The Guardian is reporting that a lawsuit was filed last Wednesday claiming Microsoft is tracking users of Windows Phone 7 devices even in situations when location information was purportedly disabled. In the article, and in the ensuing discussion about the case, Apple’s name was inevitably dragged into the fray, focusing on the hubbub that was brought forth in April concerning the ‘consolidated.db’ file which stored timestamped latitude/longitude values, sometimes as far back as a year. As Josh Halliday at The Guardian puts it:
The lawsuit follows mounting concern about how technology giants, including Apple and Google, record users’ private data. Microsoft, Nokia, Apple and Google were called before the US Congress in April to explain their privacy policies after security researchers uncovered hidden location-tracking software in iPhones. Google Android phones were subsequently found to gather location data, but required users’ explicit permission.
There’s nothing inherently flawed with the quote above. Yes, there was concern about the possibility of tracking by several large companies. Yes the aforementioned companies were called before Congress. But no further mention is made of how Apple closed things out. And I imagine things will be a bit different with Microsoft.
To begin with, Microsoft’s declaration in their letter to Congress reads similarly to Apple’s press release with regard to what each company states they collect. Essentially they both claim to only track approximate location in order to provide a better user experience. In both cases, a small portion of the entire database of known Wi-Fi and cell tower locations is sent to the phone in order to be prepared to quickly obtain a more precise GPS based location on demand. Both companies also state that they honor the disabling of location services by disallowing the dissemination of this information to apps on the device which make a location request.
The differences begin with how the outcry started in each case. For Apple, the existence of the database had long been known by those technically savvy enough to snoop around the iPhone’s internals and figure out what they were looking at. It wasn’t until Alasdair Allan and Pete Warden revealed an open source utility to fetch the database for your viewing pleasure that things were sent into damage control. Shortly thereafter, Apple issued their press release which stated, among other things:
7. When I turn off Location Services, why does my iPhone sometimes continue updating its Wi-Fi and cell tower data from Apple’s crowd-sourced database?
It shouldn’t. This is a bug, which we plan to fix shortly (see Software Update section below).
It further added:
Sometime in the next few weeks Apple will release a free iOS software update that:
- reduces the size of the crowd-sourced Wi-Fi hotspot and cell tower database cached on the iPhone,
- ceases backing up this cache, and
- deletes this cache entirely when Location Services is turned off.
In the next major iOS software release the cache will also be encrypted on the iPhone.

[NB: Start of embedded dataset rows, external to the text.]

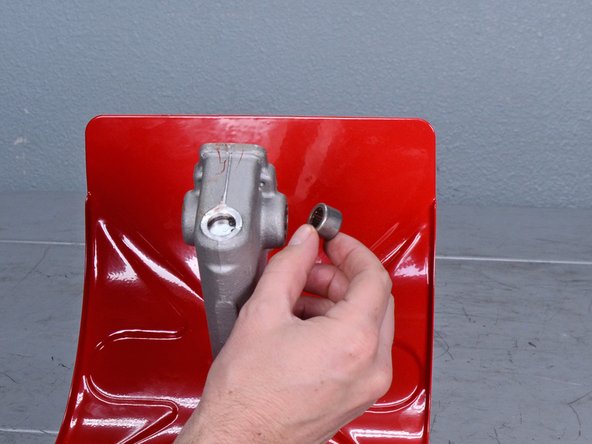 Mantis Tiller 7940 (2017) Tine Shaft Roller Bearings Replacement, Remove the right-hand tine shaft roller bearing: crwdns2935265:021crwdnd2935265:02crwdnd2935265:03crwdne2935265:0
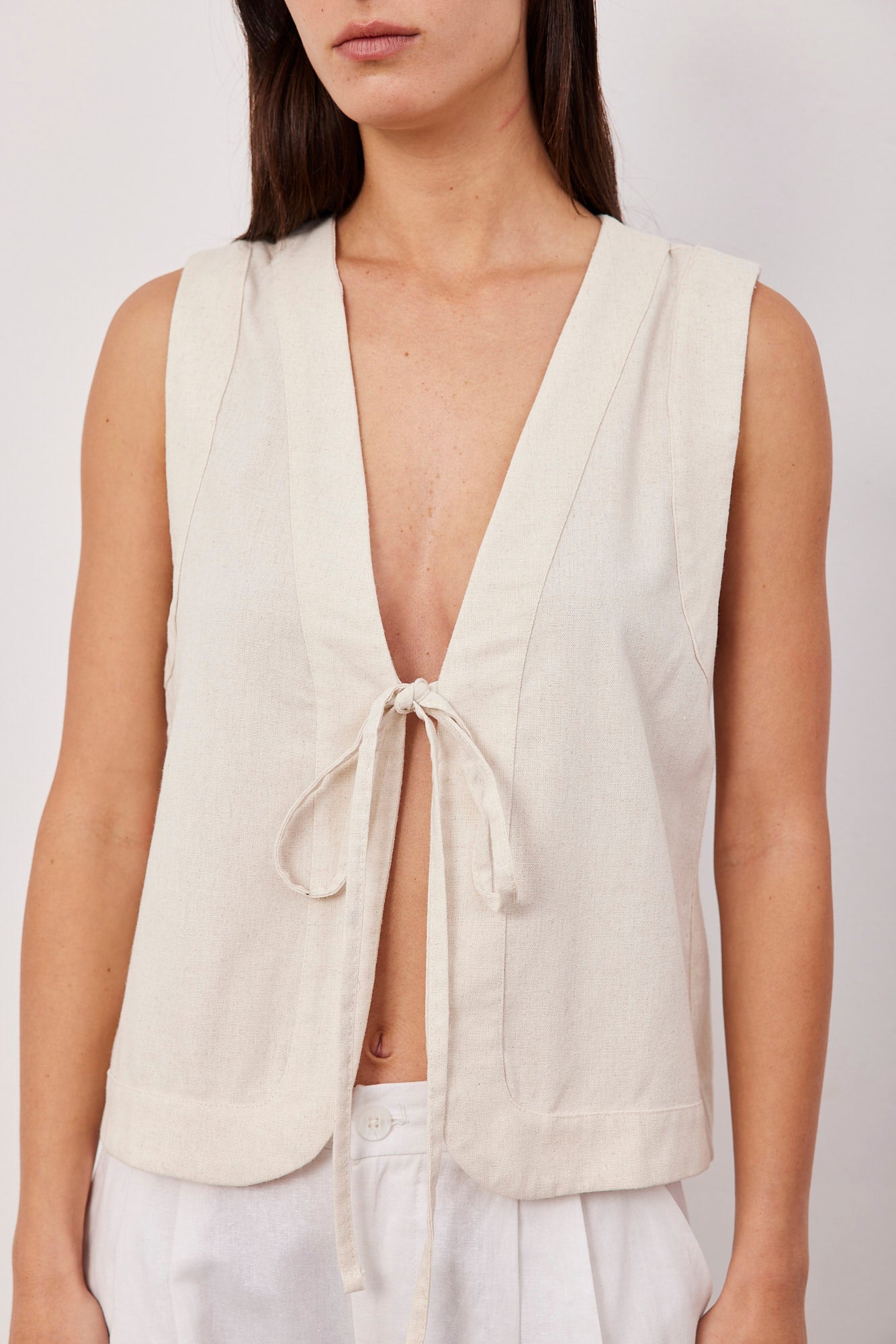 וסט בשילוב פשתן עם קשירה - ITAY BRANDS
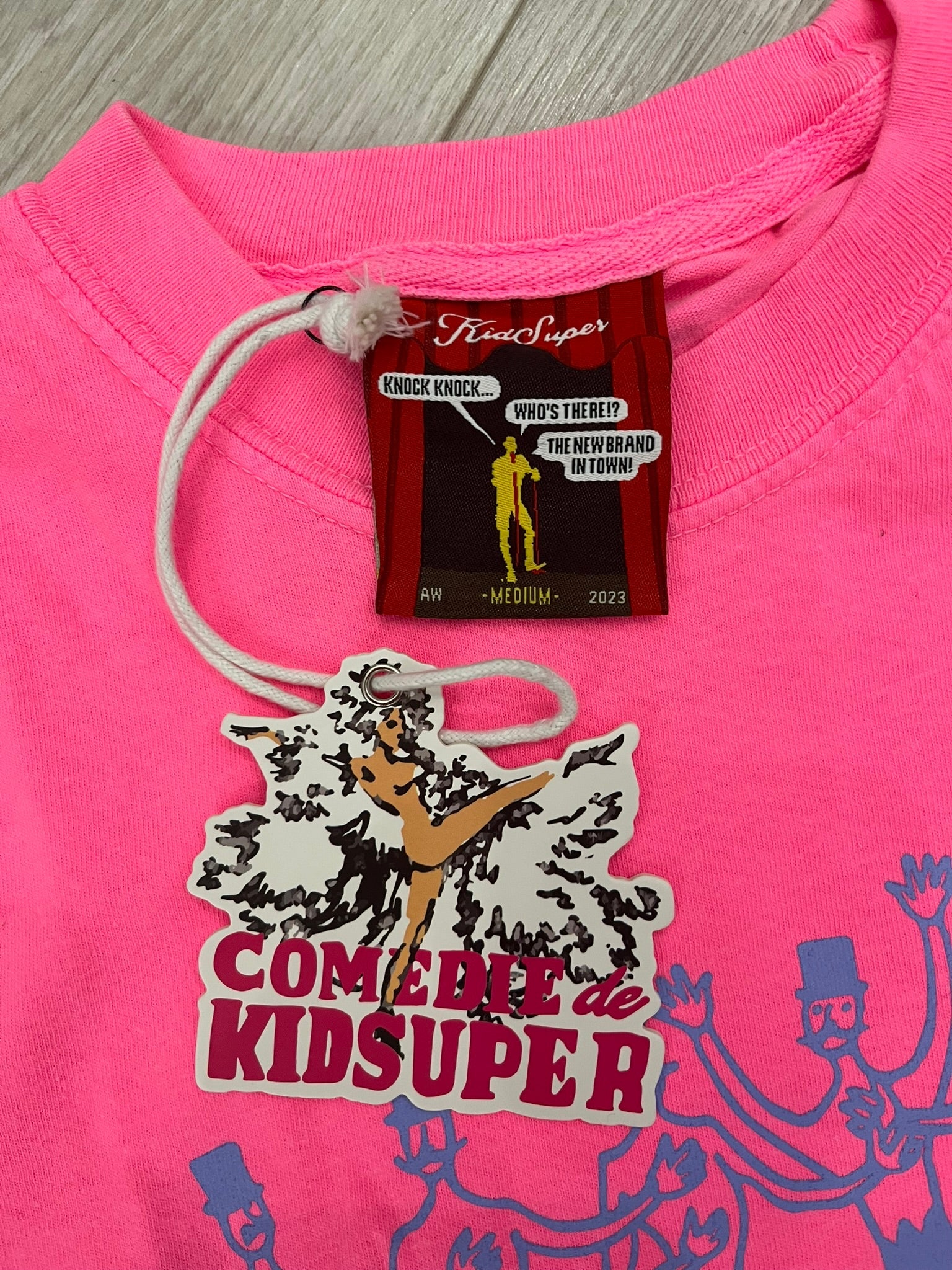 comedie de kidsuper tee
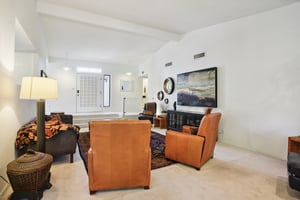 25 E Butler Dr - 005.jpg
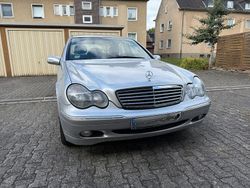 Silber Gebraucht 2001 Mercedes C180 Avantgarde Limousine | 4.500 € (Etwas zu teuer)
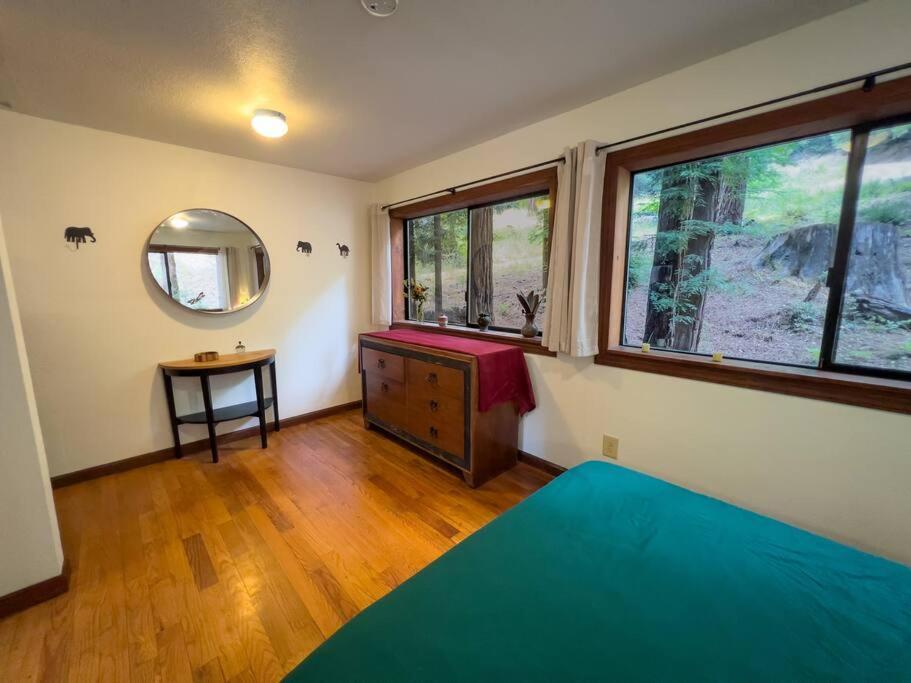 Little House In The Redwoods With A Hot Tub! Garberville Exterior foto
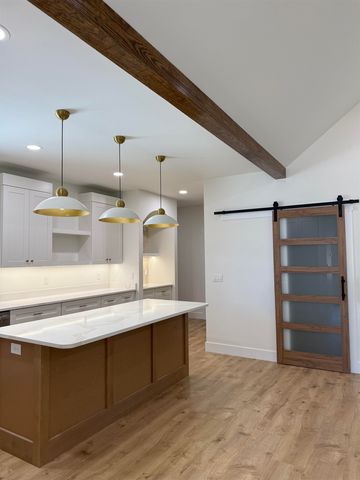 141 Babb Rd, Campobello, SC 29322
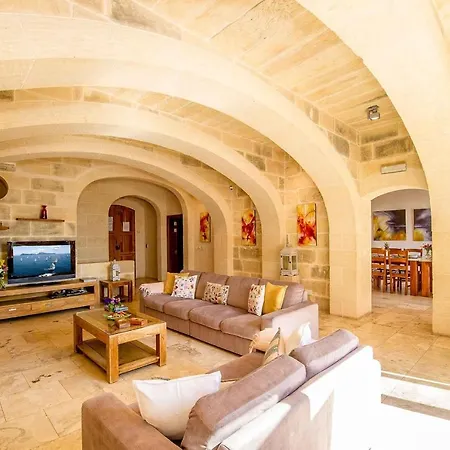 Country house Dream By Hamlet Ghasri (Gozo)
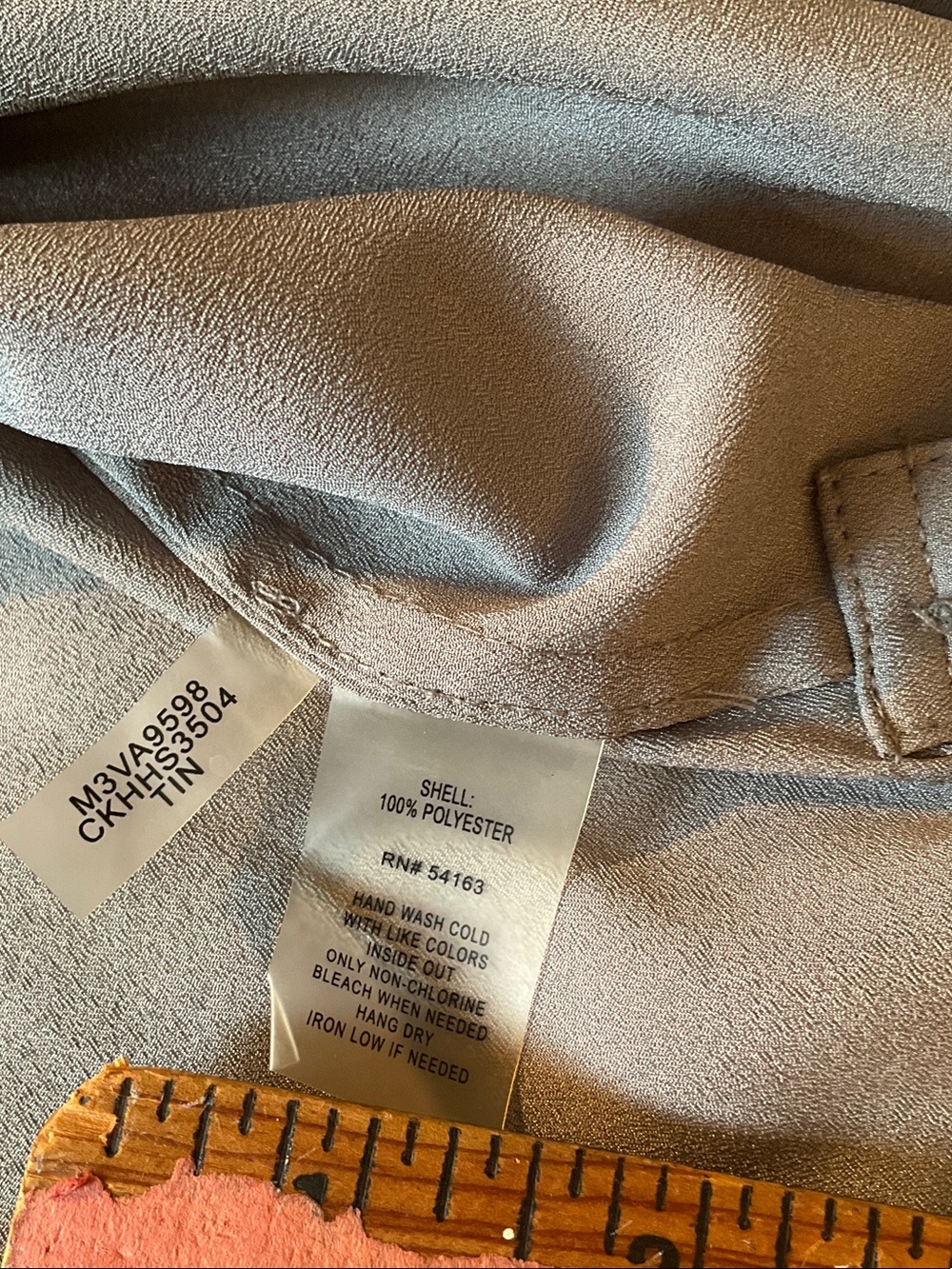 Calvin Klein Gray Button-Front Shirt. - Picture 8 of 8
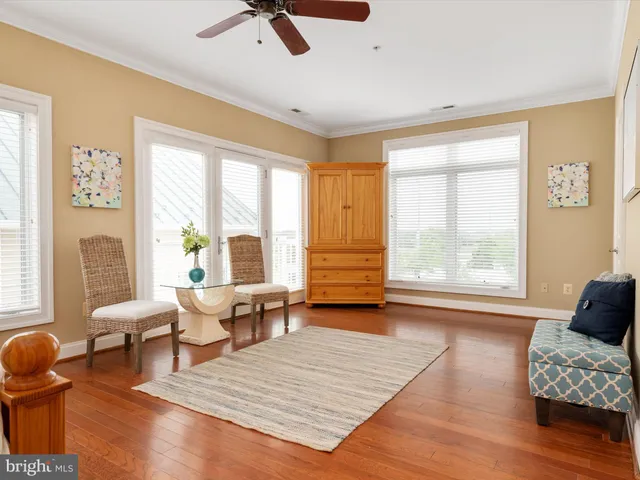 $984,999 | 110 Channel Marker Way, Unit 204, Grasonville, MD 21638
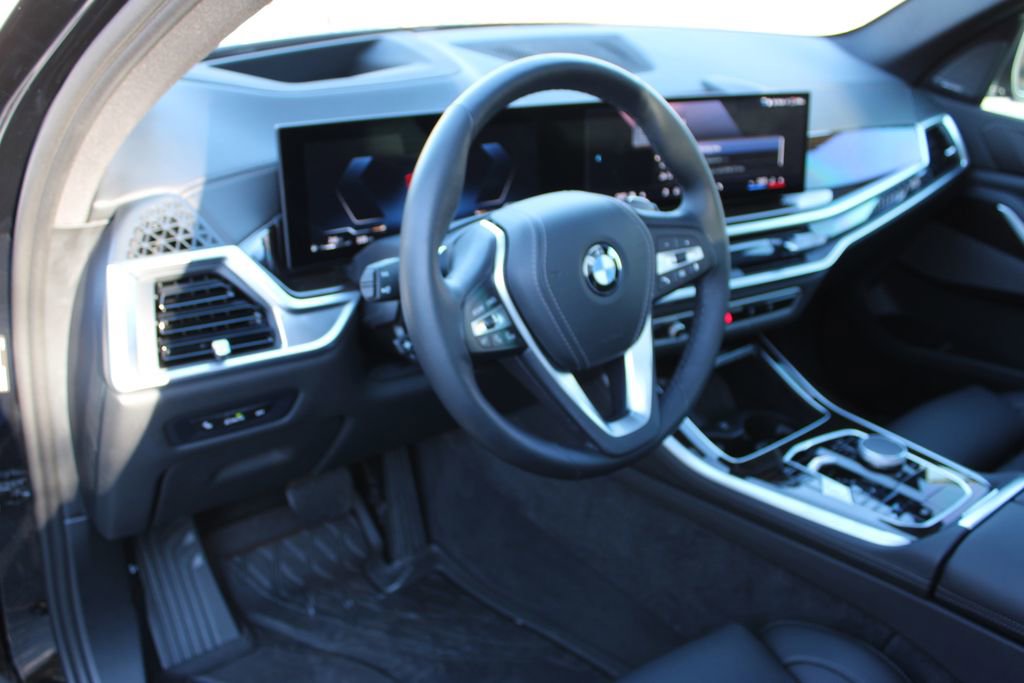 Used 2024 BMW X5 xDrive40i w/ Premium Package image 46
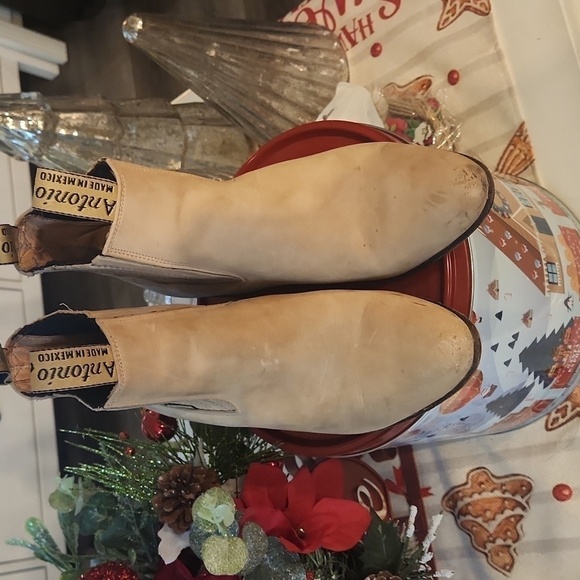 Cowboy Boots - Picture 2 of 8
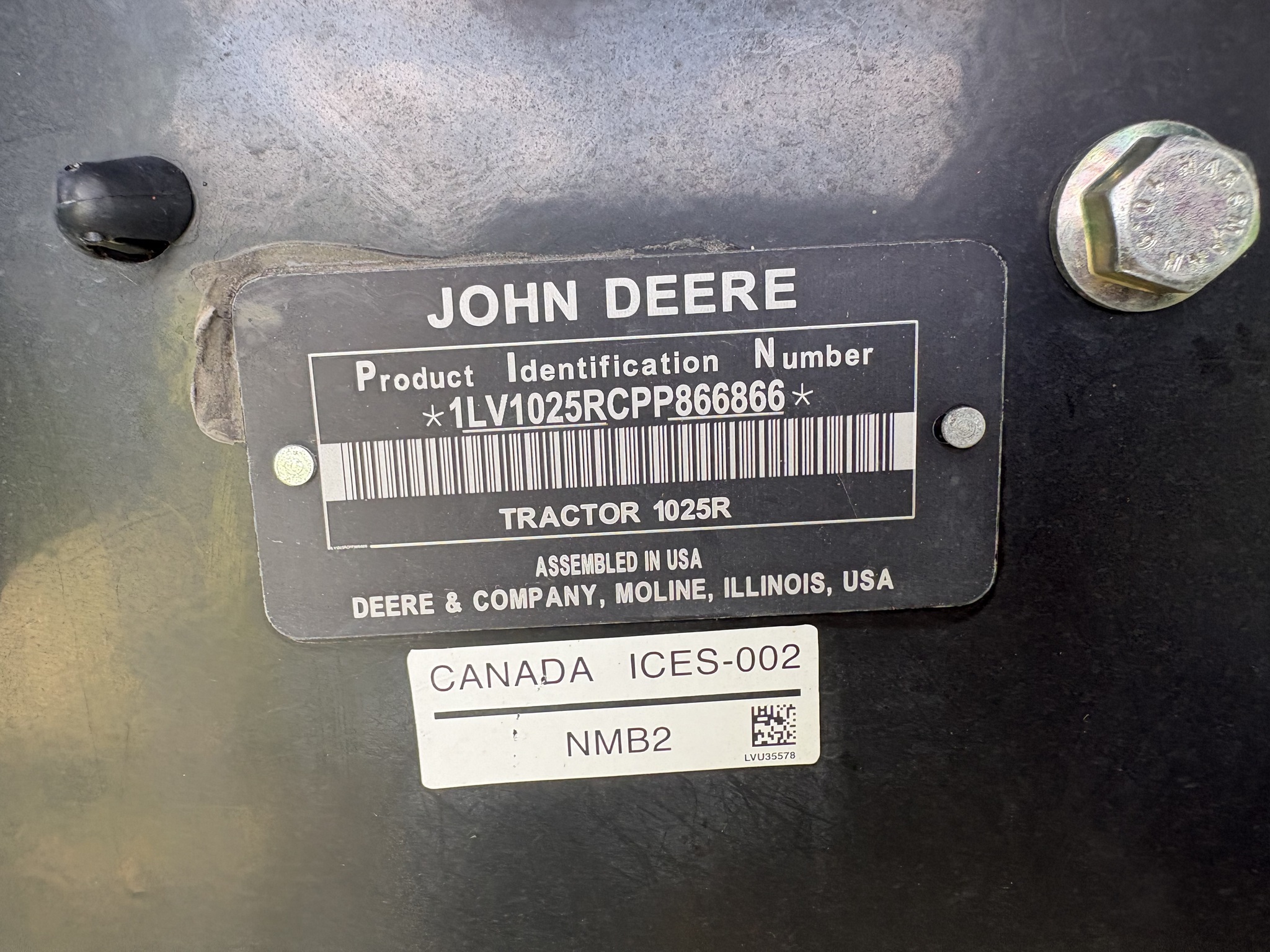 2023 John Deere 1025R Tractor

That was it for Apple. They would issue a free update that would cease even grabbing the cached data if you disabled location tracking, reduce the amount of cached data retained, cease backing it up if you did retain it, and delete the cache entirely if you disabled location tracking. Moreover, the next major iOS release encrypted it locally when it was stored. There were never any accusations of tomfoolery on Apple’s part.
In Microsoft’s case, the first sounding of the gong is the result of a lawsuit filed in Microsoft’s own backyard so to speak. Not simply an indication of something a techie found that was subsequently addressed but rather someone essentially throwing down with them. Of course, frivolous lawsuit are filed all the time, but I don’t see any advantage to be had here unless there is some truth to it. Even so, it’s an interesting distinction in terms of how the starting gun sounded.
So now we’re waiting to hear from Microsoft, to get their side of the story. Apple took 7 days to complete their response, and I imagine some of that time was spent with engineering, looking for the bug they spoke of. There was, I’m sure, time spent mulling over release dates, etc. We’re still within the same 7 day mark for Microsoft’s response, and they have at least indicated they will be responding though I figure that was a given. I wonder if they’ll admit it was a problem and indicate how they’ll be fixing it, or if they’ll take a more defensive posture. I’m guessing the latter. Regardless, I’ll be getting the popcorn and pulling up a chair. This ought to be interesting.